Un chanteur, un pianiste, quoi de plus intime, quelle meilleure occasion de faire naître une musique de l'intime dont les subreptices charmes, qui ne sont guère dans l'air du temps, n'ont jamais attiré et n'attireront jamais un vaste public, ne quittent jamais ceux qui leur ont une fois succombé ?
Et pourtant, ce répertoire du Lied, avec cette Zweisamkeit ("solitude à deux") qui le caractérise, n'a pas manqué de susciter la créativité des transcripteurs de tout poil : on connaissait depuis longtemps les transcriptions par Liszt de certains Lieder de Schubert, voilà qu'au contraire ce sont, depuis quelques années, les diverses orchestrations de ses Lieder qui reviennent à la mode. C'est notamment Claudio Abbado, avec des chanteurs comme Anne Sofie von Otter ou Thomas Quasthoff, qui a lancé cette mode, avec des concerts et un disque où les collaborateurs intempestifs du pauvre Schubert se nommaient Reger, Berlioz, Britten ou Webern : avec toute mon admiration pour Claudio Abbado, je dois avouer ne jamais avoir été très convaincu par cette tentative : les orchestrations réalisées, souvent banales, n'ont rien du génie de celles d'un Mahler ou d'un Berg faisant des versions orchestrales de leurs propres Lieder.
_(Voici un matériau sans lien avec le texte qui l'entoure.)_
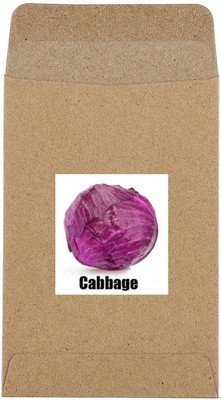 CYBEXIS Hybrid Red Cabbage Seeds-250 Seeds Seed(250 per packet)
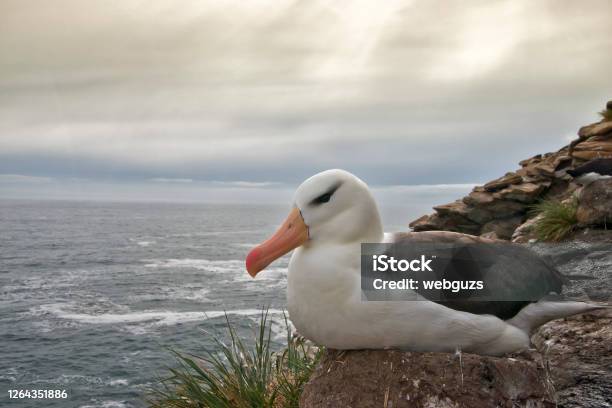 Black Browed Albatross Posing Stock Photo - Download Image Now - Albatross, Portrait, Animal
Plus innovante sans doute est la tentative de "recomposition" du Voyage d'Hiver pour ténor et (volumineux) ensemble réalisée par Hans Zender, avec un grand succès dont témoignent de nombreux concerts* et plusieurs enregistrements (chez Kairos [Prégardien/Cambreling] et RCA [Blochwitz/Zender]) : comme obsédée par le rythme lancinant d'une marche comme perdue dans le brouillard, marche immobile que d'incertaines trouées éclairent par ci d'un trait de guitare Biedermeier, par là d'une trompette à l'indiscrète pétulance, cette réinterprétation composite ne me convainc pourtant, jusqu'à présent, qu'à moitié, tant l'instrumentation bigarrée choisie par Zender fait perdre pour un profit incertain le dépouillement de la partition originale.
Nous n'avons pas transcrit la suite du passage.